Friday, May 05, 2006

Eso Won Books event

The event at Eso Won last night was fantastic (especially considering that we were up against a Lakers game!). The bookstore itself is I think the only African-American owned independent bookstore in the LA area. It has a wide and deep selection of excellent books. I couldn't help but pick up a few while there: Mark Mauer's Race to Incarcerate (another New Press title), the first Chris Abani novel, Graceland, the first Walter Mosely (who by the way has a super new essay out called Life Out of Context [Nation Books] that is an urgent call to action for independent politics), and the new documentary on DVD, the Untold Story of Emmett Till. All this and more incongruously housed in a bookstore on a strip mall on S. La Brea.

James Fugate, one of the owners, gave a short and simple intro, praising The New Press's list and emphasizing the importance of Iraq: The Logic of Withdrawal. I'll give the highlights of the discussion after Anthony's talk:

What's the level of the soldier's rebellion today (as compared to what happened during the Vietnam era)?

- check out GI Special and Traveling Soldier newsletter
- outright refusals to obey orders few, but significant
- the use of the internet among soldiers and the expression of dissent on websites and email mentioned above parallels the underground newspapers (of which more than 300 existed in the late 60s and early 70s)

As we witness the decline of US empire, how do we counter the rise of an Islamic empire?

- more likely that China presents the most realistic potential to be an economic rival to the US and reemphasizes the importance and centrality of oil as a global economic force
- fears about Islamic dictatorship act more as a smokescreen to give credibility to US intervention in the Middle East

If the US is fueling civil war by being in Iraq, how does that benefit the US?
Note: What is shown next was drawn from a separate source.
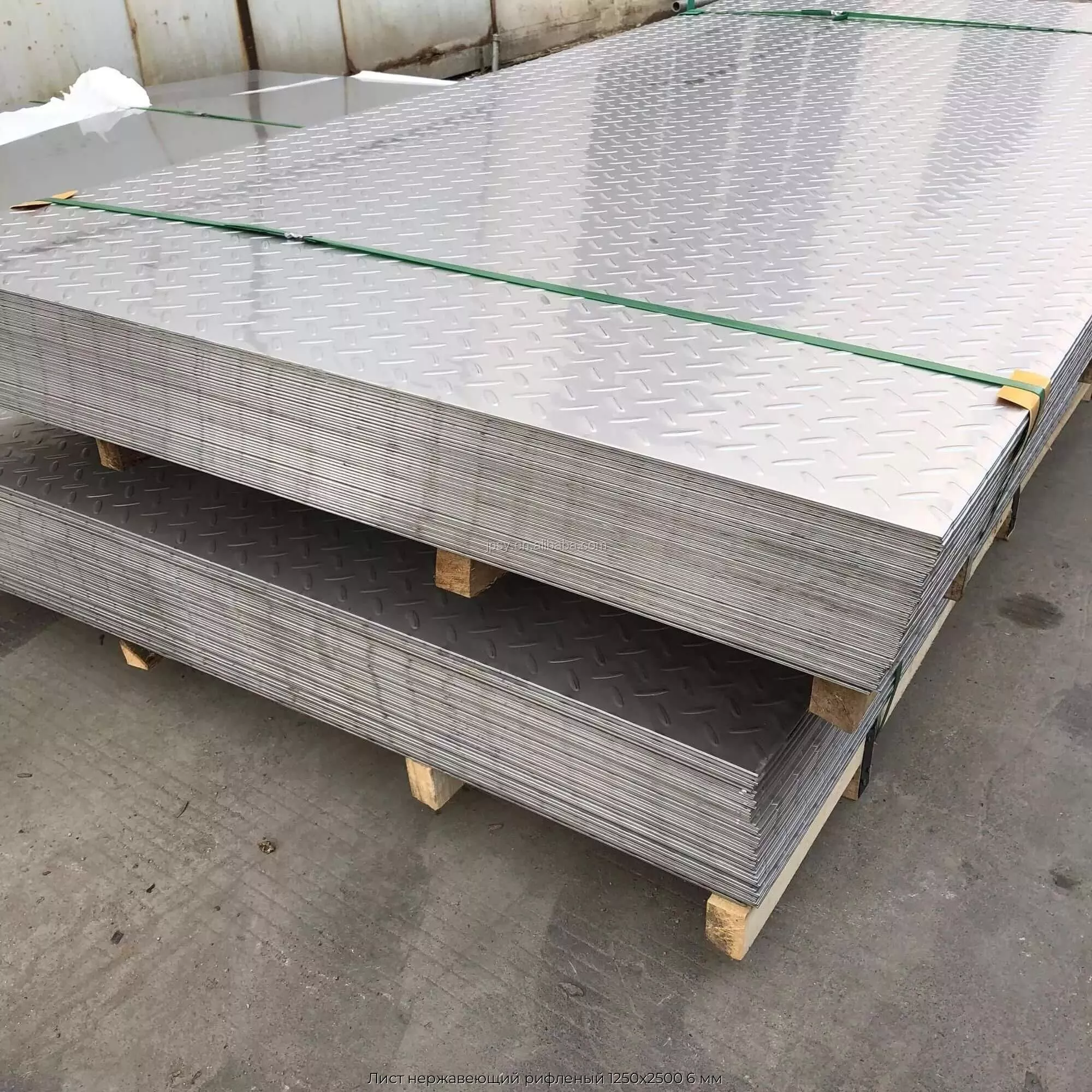 Лист нержавеющий рифленый 1250х2500 6 мм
- the US is not following the initial script. In fact, displaying a great degree of imperial arrogance...the US troops are not greeted "as liberators with sweets and flowers" but a massive insurgency.
- it wanted a stable client regime but because of the above mentioned arrogance of the planners—pushing to install unpopular and disconnected exiles, disbanding the Iraqi Army—has instead created a number of disenfranchised, angry and armed groups, which have lead to increased instability and chaos.

What would be the outcome of a US defeat in the Middle East?

- profound. it would mean an Iraq syndrome that would hinder the ability of the US to intervene around the world, but especially in the Middle East.

Mansoor Sabbagh of Global Voices for Justice recorded this reading and discussion and hopes to air it on KPFK soon.